Regardless of whether or not you think Jan. 6 constituted an insurrection or agree with Secretary of State Shenna Bellows’ decision to bar former President Donald Trump from appearing on the Republican primary ballot this year, one thing is clear: Maine needs a new way of selecting its constitutional officers.

For some reason, the Pine Tree State is the only state in the country where all constitutional offices are selected by lawmakers rather than voters or by gubernatorial appointment with Senate confirmation. Every other state trusts its people or its chief executive to make these decisions.

The result in Maine is an insulated, opaque, who’s-who of usually termed-out, sometimes wholly unqualified former lawmakers in important public offices. It has to stop.

During Gov. Janet Mills’ tenure alone, three separate controversies have embroiled these offices.
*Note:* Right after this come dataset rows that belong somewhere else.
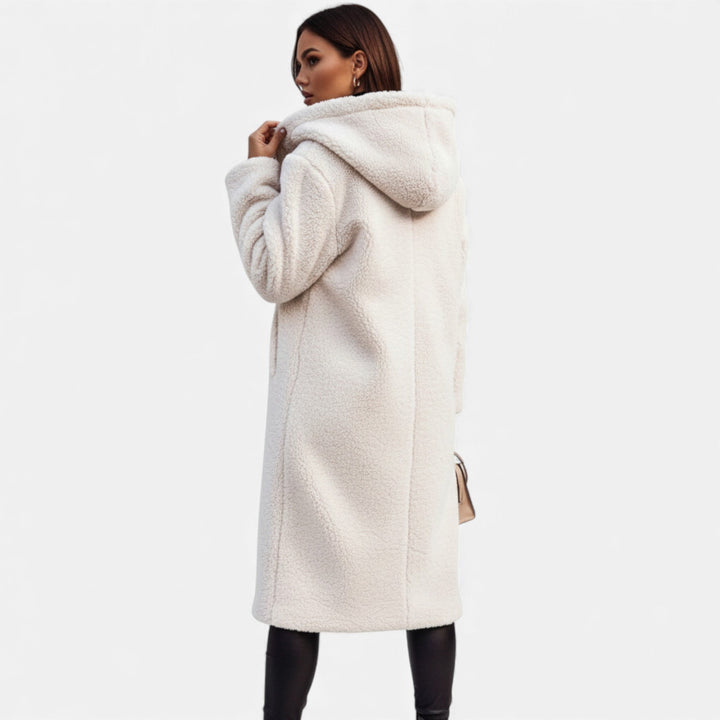 Fashionable women's plush winter coat, long and warm for elegant comfort.
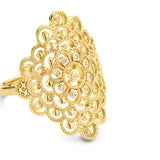 Gold-toned ring with a wide, domed top featuring an intricate openwork filigree design of concentric scalloped shapes and sma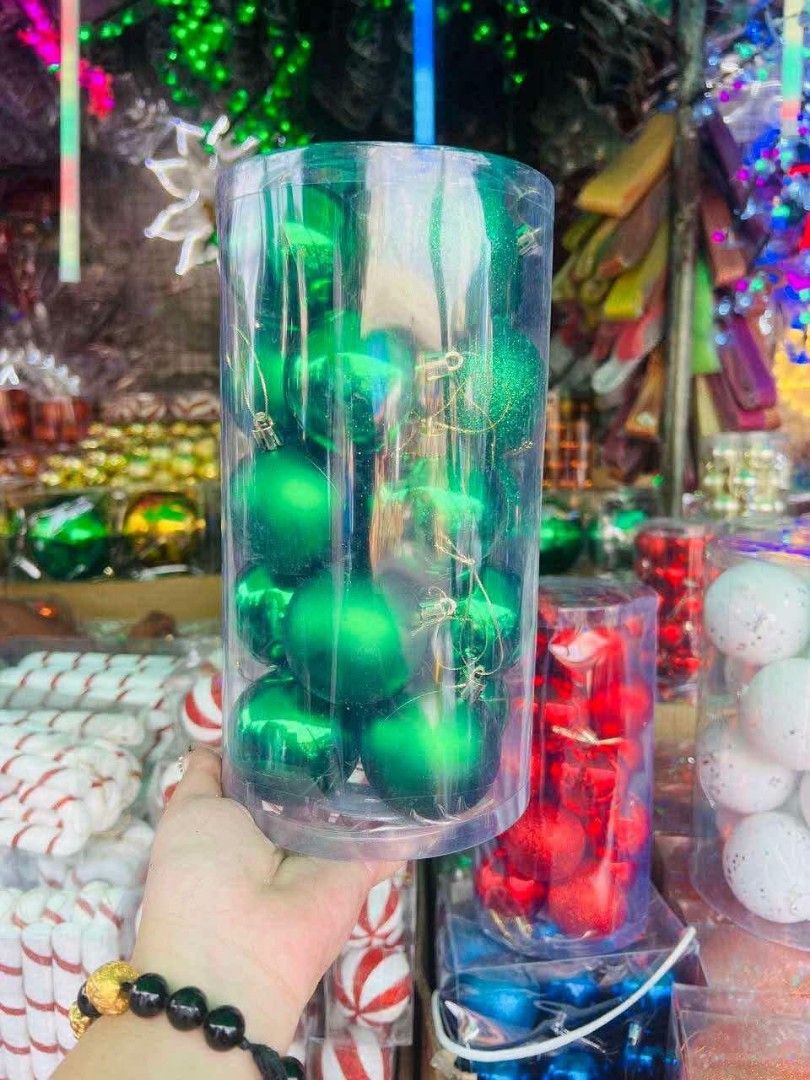 Clear cylindrical container filled with blue Christmas tree babbles (Category: Vases & Decorative Bowls) located in Manila. Submitted by princealmheracalista (Listing ID 1466485360, Image 2). Description: 📦 Bulk order available 🚚 Same-day delivery 📍 NCR / Manila 📩 PM me now!.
In 2020, the Maine Legislature selected Matthew Dunlap to serve as the next state auditor. Admittedly, Dunlap had zero qualifications to serve in this capacity. State law requires the auditor to be a certified public accountant or a college graduate with six years of experience as a professional accountant or auditor. Dunlap possessed none of these credentials.

As a result, Dunlap had to take courses and pass a series of exams to obtain an internal auditor credential that would make him eligible for the position. Unfortunately, he did not obtain one in the time allowed by state law and was forced to vacate the position to Jacob Norton. Upon finally earning the certification in the winter of 2022, Dunlap was reappointed to the position after Norton resigned. Are we to believe nobody else in the entire state was qualified to serve in this capacity when Dunlap — a former lawmaker and secretary of state with no auditing experience — was selected to fill the role?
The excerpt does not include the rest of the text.